**** Supplied data ****

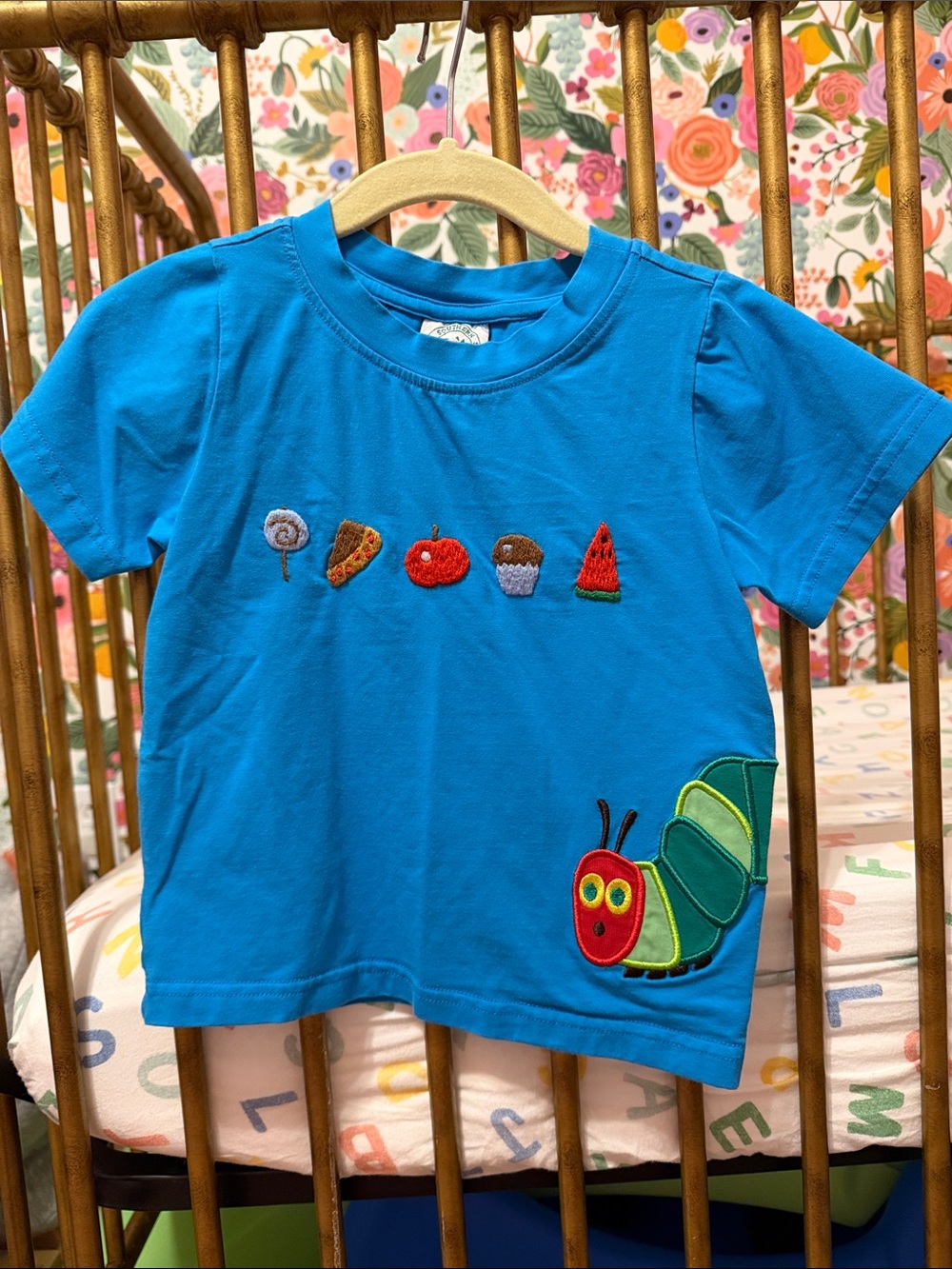 Kids' Bright Blue Caterpillar Patch Short Sleeve Tee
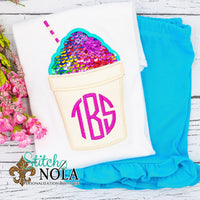 Personalized Flip Sequin Snowball Monogram Applique Shirt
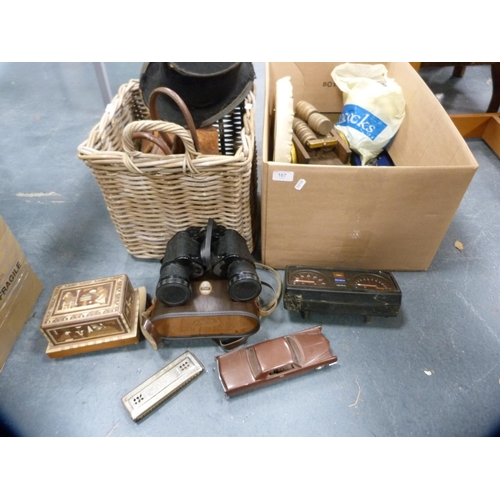 167 - Black top hat, leather bowling bag, binoculars, model vehicle, harmonica, cigarette box, Concorde mo...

****

■ Exercise goal: Output the listing unchanged, pictures excluded.

■ Solution to the problem:
 Kids' Bright Blue Caterpillar Patch Short Sleeve Tee
 Personalized Flip Sequin Snowball Monogram Applique Shirt
 167 - Black top hat, leather bowling bag, binoculars, model vehicle, harmonica, cigarette box, Concorde mo...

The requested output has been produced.